The Lab: New Podcast Pairs Intimate Live Footage with Long-Form Podcast Interviews
By Matt Ashworth, Nada Editor
Helmed by local musicians Carlos Tulloss (Afrocop, Screens) and Alison Tulloss (Screens), and multi-media visual artist John Theroux (Blazinspace), Astral Media Lab is a production and consulting company based in Seattle that brings collaborative creative projects to life. Seattle music fans have probably witnessed this trio’s impact on the city’s live and recorded music scenes, whether they knew it or not.
Incapable of sitting idle in a quarantined world, the group launched a new audio-visual podcast series this month that features discussions with local audio/video artists and creators. The second episode airs Tuesday, Sept. 22 at 8 p.m. on the Weird At Night Twitch channel and will feature a discussion with Katrina Kope, Tyler Kope and Devin Bews from the band Purr Gato, which has delivered music driven “by ethereal vocals, seductive melodies, deeply rooted bass lines, and beats from beyond” for more than a decade.
Carlos captured some screen grabs from the band’s performance on The Lab. Below that, I chat with him about the series.
NadaMucho.com: Why the hell did you start a video podcast?
Carloss Tuloss: Allison and I are podcast junkies like everyone else. They provide the antidote to the fast paced, clickbait-driven, un-nuanced media habits we have become used to.
NM: There sure are a lot of video podcasts and streams. What’s unique about The Lab?
CT: We see The Lab as an artist’s view of performance and conversation. The bands we feature are unique and interesting, made up of good human beings who are still making art, undeterred, in a world that makes that pursuit harder and harder.

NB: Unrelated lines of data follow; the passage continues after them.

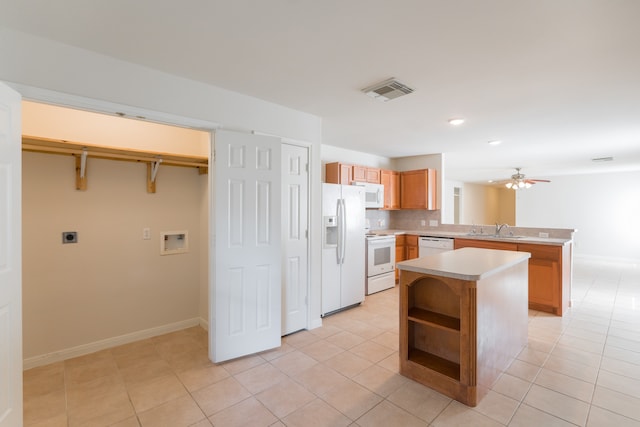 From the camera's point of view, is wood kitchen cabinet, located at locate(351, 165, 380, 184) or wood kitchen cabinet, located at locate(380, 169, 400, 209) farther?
wood kitchen cabinet, located at locate(380, 169, 400, 209)

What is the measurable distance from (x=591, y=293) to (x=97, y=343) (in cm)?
675

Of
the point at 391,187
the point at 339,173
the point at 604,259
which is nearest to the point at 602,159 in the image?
the point at 604,259

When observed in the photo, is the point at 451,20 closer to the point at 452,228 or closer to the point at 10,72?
the point at 10,72

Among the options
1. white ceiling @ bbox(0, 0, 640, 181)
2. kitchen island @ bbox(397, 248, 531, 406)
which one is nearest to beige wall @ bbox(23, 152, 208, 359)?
white ceiling @ bbox(0, 0, 640, 181)

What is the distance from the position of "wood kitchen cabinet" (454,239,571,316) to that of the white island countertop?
137 centimetres

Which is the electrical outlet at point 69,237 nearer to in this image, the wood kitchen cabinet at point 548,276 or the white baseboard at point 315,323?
the white baseboard at point 315,323

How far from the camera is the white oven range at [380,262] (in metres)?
4.55

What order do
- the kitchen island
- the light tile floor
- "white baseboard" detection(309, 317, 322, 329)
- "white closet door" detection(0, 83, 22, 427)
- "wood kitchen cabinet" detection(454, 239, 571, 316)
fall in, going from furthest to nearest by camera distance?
1. "wood kitchen cabinet" detection(454, 239, 571, 316)
2. "white baseboard" detection(309, 317, 322, 329)
3. the kitchen island
4. the light tile floor
5. "white closet door" detection(0, 83, 22, 427)

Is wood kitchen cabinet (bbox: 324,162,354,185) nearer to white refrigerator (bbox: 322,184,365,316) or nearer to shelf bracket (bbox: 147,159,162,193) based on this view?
white refrigerator (bbox: 322,184,365,316)

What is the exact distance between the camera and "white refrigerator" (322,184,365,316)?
3727mm

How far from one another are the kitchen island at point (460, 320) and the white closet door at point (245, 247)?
1239 mm

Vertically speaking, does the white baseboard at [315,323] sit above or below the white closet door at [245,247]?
below

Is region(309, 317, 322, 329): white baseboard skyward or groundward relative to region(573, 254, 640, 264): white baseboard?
groundward

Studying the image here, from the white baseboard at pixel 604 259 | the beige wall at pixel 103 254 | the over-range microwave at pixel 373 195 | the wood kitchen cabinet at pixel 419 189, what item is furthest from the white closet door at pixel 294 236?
the white baseboard at pixel 604 259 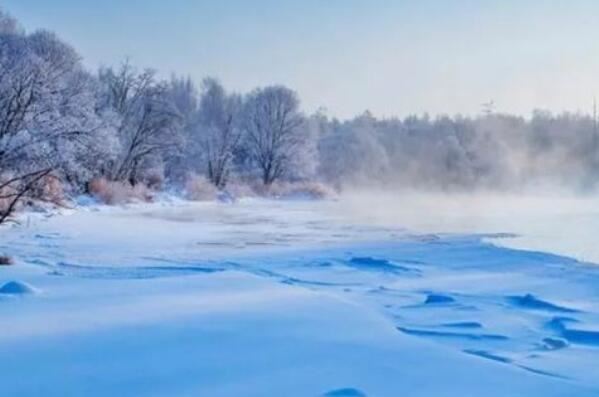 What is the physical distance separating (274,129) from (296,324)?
132 ft

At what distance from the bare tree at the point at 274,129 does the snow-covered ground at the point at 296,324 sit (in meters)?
34.2

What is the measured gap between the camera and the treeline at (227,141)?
18.2 metres

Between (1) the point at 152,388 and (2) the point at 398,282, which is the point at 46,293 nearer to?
(1) the point at 152,388

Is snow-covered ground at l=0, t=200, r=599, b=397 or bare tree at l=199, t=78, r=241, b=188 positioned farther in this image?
bare tree at l=199, t=78, r=241, b=188

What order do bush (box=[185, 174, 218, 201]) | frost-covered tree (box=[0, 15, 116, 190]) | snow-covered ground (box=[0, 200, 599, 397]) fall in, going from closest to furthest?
snow-covered ground (box=[0, 200, 599, 397]), frost-covered tree (box=[0, 15, 116, 190]), bush (box=[185, 174, 218, 201])

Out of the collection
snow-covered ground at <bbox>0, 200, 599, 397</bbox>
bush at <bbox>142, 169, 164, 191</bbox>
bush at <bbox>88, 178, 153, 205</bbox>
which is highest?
bush at <bbox>142, 169, 164, 191</bbox>

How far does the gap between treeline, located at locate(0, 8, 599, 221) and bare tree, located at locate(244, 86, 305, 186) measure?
2.8 inches

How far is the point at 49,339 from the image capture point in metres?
3.97

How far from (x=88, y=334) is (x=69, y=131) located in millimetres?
11694

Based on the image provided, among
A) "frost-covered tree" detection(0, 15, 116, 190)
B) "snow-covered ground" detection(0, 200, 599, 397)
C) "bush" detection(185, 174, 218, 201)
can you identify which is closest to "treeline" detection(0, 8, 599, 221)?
"frost-covered tree" detection(0, 15, 116, 190)

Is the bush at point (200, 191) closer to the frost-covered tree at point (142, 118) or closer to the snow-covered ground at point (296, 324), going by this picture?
the frost-covered tree at point (142, 118)

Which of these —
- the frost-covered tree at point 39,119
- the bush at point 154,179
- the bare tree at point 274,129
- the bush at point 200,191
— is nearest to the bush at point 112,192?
the frost-covered tree at point 39,119

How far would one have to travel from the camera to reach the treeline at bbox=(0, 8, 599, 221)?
59.6 feet

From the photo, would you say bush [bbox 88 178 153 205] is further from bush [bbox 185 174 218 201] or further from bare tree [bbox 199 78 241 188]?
bare tree [bbox 199 78 241 188] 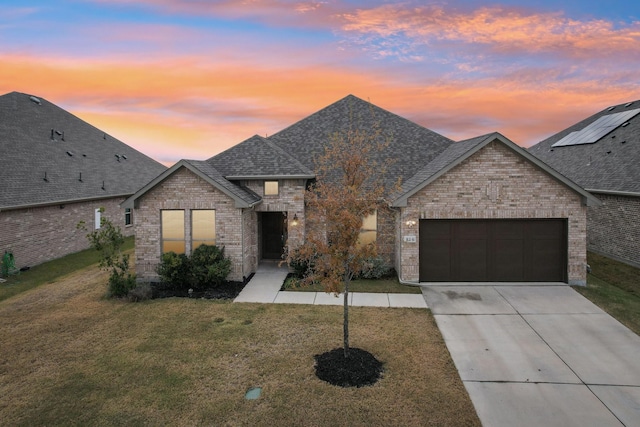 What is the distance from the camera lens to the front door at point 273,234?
65.9 ft

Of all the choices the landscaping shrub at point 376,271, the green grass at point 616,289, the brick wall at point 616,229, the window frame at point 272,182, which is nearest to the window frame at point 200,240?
the window frame at point 272,182

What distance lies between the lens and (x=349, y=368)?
8.85 m

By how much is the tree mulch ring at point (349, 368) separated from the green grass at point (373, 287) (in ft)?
17.8

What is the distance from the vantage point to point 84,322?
40.0 feet

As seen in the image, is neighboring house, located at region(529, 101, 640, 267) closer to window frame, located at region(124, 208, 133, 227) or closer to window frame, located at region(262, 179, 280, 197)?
window frame, located at region(262, 179, 280, 197)

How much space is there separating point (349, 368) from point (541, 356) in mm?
4828

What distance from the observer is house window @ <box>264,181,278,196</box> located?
18.3 meters

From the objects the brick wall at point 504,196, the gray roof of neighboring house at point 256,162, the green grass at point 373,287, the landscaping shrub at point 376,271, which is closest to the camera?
the green grass at point 373,287

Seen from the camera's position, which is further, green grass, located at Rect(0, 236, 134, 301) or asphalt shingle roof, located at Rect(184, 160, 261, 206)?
green grass, located at Rect(0, 236, 134, 301)

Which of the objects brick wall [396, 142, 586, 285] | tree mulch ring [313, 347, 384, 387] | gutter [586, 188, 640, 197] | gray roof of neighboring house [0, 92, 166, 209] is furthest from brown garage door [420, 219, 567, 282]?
gray roof of neighboring house [0, 92, 166, 209]

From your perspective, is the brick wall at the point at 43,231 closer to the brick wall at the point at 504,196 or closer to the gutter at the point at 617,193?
the brick wall at the point at 504,196

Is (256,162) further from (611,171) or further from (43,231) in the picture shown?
(611,171)

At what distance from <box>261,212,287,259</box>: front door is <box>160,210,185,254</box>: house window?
465 cm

NM: What was the inspiration for the format?
CT: In 2014 we started having house parties with bands every summer for Allison’s birthday. We witnessed some incredible performances over the years, and we observed that late at night, when it was usually only musicians left, the performances would take on a rare intimacy and depth. We wanted to bring that special vibe to more people.
NM: Where is the live footage coming from? I assume most of that was shot pre-quarantine?
CT: We shot much of the live footage in 2018-2019 when we first set off on this journey. Many were recorded in our home studio, no audience, with live visuals by Blazinspace.
NM: The jump from live music to a video podcast makes sense, but how did you come to include artist interviews? And how are you selecting your guests?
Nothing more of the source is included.